__Task details__
Return exactly the lines below, starting with the one that has "A middle-aged man" and going on through the one that has "Pop Hits Bingo Card".

__Provided records__
--------------------

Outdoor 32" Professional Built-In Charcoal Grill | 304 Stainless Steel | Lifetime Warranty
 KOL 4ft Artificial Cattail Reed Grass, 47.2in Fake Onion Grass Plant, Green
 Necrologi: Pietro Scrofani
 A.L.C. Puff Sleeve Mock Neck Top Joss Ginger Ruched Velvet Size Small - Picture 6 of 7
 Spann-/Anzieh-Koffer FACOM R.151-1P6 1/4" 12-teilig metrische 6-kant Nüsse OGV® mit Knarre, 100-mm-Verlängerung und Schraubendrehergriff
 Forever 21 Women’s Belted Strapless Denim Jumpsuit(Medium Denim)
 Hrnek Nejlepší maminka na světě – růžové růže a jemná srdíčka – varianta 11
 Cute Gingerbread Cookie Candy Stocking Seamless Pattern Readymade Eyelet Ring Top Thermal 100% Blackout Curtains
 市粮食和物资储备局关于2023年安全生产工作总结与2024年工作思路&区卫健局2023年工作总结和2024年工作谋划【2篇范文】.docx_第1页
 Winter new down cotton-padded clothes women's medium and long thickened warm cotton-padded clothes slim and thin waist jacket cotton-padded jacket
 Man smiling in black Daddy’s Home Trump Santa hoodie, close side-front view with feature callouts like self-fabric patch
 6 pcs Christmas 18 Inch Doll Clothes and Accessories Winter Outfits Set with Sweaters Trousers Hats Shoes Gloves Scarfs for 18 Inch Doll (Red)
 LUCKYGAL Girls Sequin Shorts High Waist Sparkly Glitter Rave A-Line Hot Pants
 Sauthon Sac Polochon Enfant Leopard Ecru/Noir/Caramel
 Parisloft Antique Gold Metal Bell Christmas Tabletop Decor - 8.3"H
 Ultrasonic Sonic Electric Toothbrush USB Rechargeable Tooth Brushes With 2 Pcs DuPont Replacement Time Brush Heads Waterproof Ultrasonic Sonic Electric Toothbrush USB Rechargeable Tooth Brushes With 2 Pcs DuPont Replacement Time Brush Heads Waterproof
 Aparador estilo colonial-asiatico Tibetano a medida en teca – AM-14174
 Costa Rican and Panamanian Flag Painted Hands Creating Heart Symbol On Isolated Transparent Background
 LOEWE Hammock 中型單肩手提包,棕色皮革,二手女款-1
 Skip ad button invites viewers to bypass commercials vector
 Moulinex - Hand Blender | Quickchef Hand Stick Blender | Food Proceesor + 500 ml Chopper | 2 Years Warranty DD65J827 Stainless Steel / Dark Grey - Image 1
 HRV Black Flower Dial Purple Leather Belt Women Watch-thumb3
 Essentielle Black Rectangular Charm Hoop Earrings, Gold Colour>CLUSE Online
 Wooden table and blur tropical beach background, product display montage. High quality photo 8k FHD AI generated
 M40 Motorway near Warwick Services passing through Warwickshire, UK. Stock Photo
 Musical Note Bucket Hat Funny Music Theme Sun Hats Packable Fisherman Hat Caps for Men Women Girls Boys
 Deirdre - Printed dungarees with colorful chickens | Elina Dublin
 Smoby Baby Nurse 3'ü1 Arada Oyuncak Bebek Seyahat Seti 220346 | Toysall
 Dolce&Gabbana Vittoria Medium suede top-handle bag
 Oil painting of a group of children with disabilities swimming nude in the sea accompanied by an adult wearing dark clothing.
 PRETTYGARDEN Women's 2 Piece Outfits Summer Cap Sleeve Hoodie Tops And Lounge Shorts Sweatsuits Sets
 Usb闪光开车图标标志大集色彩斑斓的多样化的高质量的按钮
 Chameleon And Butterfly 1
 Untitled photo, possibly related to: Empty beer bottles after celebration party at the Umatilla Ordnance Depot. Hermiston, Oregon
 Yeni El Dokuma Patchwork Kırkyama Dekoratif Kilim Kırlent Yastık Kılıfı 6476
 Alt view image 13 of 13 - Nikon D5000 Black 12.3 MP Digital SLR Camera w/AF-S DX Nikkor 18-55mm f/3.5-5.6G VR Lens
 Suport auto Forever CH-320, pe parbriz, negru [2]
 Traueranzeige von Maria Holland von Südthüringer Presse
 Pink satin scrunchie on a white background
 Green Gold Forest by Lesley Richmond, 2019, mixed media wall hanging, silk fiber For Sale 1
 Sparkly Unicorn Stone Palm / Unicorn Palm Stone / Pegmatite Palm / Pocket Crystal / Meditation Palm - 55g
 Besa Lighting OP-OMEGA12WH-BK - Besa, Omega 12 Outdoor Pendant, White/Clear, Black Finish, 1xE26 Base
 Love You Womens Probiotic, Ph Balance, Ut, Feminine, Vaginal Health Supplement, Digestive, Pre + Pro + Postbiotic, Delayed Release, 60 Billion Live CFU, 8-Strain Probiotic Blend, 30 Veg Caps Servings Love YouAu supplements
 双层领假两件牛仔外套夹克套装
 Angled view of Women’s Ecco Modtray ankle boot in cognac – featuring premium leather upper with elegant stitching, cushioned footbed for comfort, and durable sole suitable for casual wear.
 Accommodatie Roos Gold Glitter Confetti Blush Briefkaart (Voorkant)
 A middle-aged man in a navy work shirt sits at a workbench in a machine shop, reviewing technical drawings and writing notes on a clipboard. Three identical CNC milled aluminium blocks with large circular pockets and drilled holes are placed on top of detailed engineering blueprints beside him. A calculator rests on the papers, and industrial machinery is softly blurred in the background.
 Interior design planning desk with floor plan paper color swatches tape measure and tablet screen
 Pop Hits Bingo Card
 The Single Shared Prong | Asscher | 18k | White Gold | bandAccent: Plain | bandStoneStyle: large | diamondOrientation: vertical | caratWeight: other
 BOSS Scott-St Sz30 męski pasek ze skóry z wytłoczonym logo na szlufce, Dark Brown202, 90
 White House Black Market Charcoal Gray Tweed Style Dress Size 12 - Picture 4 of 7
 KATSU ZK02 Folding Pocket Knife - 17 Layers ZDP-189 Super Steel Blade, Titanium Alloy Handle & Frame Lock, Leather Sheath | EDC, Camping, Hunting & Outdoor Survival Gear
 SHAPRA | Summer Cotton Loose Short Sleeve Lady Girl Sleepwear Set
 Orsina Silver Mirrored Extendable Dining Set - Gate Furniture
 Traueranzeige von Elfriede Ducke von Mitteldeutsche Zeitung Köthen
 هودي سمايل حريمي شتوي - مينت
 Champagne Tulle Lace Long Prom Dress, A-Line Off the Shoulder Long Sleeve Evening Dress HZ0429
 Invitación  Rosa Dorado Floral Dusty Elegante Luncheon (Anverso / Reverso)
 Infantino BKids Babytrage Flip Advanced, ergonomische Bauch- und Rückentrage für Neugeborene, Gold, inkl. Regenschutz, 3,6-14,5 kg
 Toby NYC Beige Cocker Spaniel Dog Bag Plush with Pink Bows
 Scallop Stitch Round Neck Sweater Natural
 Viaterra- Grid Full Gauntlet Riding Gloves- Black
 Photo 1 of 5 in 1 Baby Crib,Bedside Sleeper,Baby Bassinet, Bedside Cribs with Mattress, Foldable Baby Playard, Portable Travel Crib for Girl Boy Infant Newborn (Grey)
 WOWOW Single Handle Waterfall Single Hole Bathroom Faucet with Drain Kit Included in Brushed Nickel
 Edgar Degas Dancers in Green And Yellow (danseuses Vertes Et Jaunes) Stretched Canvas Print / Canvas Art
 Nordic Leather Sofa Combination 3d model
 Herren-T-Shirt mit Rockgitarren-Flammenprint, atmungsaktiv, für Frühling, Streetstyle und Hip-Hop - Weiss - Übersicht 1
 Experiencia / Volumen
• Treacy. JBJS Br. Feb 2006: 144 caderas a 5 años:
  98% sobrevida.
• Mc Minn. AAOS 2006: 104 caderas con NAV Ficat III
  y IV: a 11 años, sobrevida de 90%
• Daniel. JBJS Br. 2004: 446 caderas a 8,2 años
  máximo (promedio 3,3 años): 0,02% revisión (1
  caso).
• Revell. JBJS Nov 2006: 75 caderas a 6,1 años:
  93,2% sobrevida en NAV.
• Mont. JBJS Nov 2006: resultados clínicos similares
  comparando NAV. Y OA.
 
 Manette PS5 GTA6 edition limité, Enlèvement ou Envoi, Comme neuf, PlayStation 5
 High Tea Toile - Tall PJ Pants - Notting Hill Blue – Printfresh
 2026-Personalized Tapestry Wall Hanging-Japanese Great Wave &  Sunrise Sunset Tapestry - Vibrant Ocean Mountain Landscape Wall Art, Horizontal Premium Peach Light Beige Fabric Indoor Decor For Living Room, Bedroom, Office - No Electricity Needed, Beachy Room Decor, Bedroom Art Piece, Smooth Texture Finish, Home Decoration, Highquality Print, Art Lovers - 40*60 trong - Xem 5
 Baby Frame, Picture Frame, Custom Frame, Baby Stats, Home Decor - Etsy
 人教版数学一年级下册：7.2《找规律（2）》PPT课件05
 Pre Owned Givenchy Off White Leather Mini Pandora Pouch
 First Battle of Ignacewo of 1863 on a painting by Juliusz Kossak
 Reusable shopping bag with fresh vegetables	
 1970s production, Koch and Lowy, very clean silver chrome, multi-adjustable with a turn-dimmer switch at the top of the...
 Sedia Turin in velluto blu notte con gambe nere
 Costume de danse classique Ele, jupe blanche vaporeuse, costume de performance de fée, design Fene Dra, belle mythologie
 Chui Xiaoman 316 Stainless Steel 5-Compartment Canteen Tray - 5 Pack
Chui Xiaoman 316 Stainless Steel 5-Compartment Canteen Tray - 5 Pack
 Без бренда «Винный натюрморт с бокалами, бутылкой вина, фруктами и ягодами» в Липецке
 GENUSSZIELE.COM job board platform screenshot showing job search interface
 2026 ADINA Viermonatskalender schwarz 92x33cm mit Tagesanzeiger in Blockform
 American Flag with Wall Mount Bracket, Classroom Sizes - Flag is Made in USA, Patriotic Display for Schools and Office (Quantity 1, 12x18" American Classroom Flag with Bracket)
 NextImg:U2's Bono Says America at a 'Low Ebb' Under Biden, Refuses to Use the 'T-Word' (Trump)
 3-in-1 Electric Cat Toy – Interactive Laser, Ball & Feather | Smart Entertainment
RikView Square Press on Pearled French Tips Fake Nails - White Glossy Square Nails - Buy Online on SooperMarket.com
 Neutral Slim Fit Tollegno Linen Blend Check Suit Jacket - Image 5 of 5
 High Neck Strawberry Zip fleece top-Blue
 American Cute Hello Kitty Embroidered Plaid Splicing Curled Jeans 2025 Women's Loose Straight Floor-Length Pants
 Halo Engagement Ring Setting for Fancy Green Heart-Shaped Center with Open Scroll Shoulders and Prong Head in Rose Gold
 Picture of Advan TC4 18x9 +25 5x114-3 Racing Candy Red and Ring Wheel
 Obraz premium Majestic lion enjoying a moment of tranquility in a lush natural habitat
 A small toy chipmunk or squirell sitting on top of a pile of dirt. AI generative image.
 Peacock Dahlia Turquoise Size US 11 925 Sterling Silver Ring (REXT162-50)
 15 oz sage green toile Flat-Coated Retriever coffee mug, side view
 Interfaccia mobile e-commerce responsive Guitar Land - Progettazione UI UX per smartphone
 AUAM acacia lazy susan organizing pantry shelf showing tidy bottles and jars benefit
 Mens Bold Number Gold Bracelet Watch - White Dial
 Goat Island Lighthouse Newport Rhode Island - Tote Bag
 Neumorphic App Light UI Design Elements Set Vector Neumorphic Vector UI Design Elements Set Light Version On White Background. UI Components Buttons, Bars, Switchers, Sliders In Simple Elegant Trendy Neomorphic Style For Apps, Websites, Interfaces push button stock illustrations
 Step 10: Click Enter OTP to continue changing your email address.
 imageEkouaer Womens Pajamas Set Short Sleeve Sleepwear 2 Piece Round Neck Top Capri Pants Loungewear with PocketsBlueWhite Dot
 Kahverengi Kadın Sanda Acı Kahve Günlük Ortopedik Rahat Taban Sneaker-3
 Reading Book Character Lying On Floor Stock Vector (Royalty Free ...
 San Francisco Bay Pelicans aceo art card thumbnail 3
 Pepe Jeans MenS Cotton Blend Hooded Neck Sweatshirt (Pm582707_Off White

--------------------

__Answer space__
 A middle-aged man in a navy work shirt sits at a workbench in a machine shop, reviewing technical drawings and writing notes on a clipboard. Three identical CNC milled aluminium blocks with large circular pockets and drilled holes are placed on top of detailed engineering blueprints beside him. A calculator rests on the papers, and industrial machinery is softly blurred in the background.
 Interior design planning desk with floor plan paper color swatches tape measure and tablet screen
 Pop Hits Bingo Card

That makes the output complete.